*Aim of the exercise*. This exercise asks for a copy of each line in the records below with the word "everyone" in it.
(Information provided begins)
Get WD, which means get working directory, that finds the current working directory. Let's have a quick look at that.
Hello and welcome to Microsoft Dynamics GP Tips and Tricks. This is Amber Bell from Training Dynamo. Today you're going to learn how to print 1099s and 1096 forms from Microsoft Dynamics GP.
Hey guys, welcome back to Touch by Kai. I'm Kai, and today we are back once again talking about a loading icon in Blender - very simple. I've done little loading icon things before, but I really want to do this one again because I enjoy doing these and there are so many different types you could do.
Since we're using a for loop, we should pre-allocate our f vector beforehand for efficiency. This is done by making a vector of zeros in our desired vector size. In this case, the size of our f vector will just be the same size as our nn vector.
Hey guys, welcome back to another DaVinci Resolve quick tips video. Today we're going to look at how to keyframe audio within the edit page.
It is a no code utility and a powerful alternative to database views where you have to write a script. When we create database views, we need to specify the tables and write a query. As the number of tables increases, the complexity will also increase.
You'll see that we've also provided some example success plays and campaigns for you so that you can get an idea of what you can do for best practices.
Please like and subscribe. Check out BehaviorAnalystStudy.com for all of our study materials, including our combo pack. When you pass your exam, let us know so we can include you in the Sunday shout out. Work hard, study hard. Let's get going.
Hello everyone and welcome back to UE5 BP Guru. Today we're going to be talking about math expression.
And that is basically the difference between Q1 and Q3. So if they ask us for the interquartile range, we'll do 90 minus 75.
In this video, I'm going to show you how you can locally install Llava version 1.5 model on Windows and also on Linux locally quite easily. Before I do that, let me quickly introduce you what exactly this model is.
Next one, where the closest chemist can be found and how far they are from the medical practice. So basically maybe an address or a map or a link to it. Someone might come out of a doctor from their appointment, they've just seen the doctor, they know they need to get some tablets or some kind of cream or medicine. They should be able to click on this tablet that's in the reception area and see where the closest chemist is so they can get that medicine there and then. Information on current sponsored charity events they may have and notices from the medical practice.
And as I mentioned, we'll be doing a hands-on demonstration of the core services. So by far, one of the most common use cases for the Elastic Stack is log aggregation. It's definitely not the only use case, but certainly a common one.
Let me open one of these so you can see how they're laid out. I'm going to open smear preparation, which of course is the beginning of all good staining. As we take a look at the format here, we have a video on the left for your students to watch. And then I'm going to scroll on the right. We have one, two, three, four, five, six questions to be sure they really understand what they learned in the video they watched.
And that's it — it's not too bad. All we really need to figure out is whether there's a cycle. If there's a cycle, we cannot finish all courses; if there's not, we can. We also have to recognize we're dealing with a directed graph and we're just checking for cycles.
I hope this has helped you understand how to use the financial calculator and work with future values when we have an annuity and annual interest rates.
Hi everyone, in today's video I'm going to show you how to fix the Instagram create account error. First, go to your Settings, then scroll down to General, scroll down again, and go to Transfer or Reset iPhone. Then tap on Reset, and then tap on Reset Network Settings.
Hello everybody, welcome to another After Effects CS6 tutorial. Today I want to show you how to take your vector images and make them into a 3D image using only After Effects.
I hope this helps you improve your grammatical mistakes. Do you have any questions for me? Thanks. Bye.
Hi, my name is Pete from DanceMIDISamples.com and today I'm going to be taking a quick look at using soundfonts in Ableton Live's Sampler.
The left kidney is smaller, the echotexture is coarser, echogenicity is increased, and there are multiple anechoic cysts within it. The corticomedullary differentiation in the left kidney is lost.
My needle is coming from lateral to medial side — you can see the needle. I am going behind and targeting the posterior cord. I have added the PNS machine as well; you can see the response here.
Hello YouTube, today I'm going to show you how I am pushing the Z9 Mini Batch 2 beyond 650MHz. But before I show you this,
(Information provided ends)
*Solution to this exercise*.
Hello everyone and welcome back to UE5 BP Guru. Today we're going to be talking about math expression.
Hi everyone, in today's video I'm going to show you how to fix the Instagram create account error. First, go to your Settings, then scroll down to General, scroll down again, and go to Transfer or Reset iPhone. Then tap on Reset, and then tap on Reset Network Settings.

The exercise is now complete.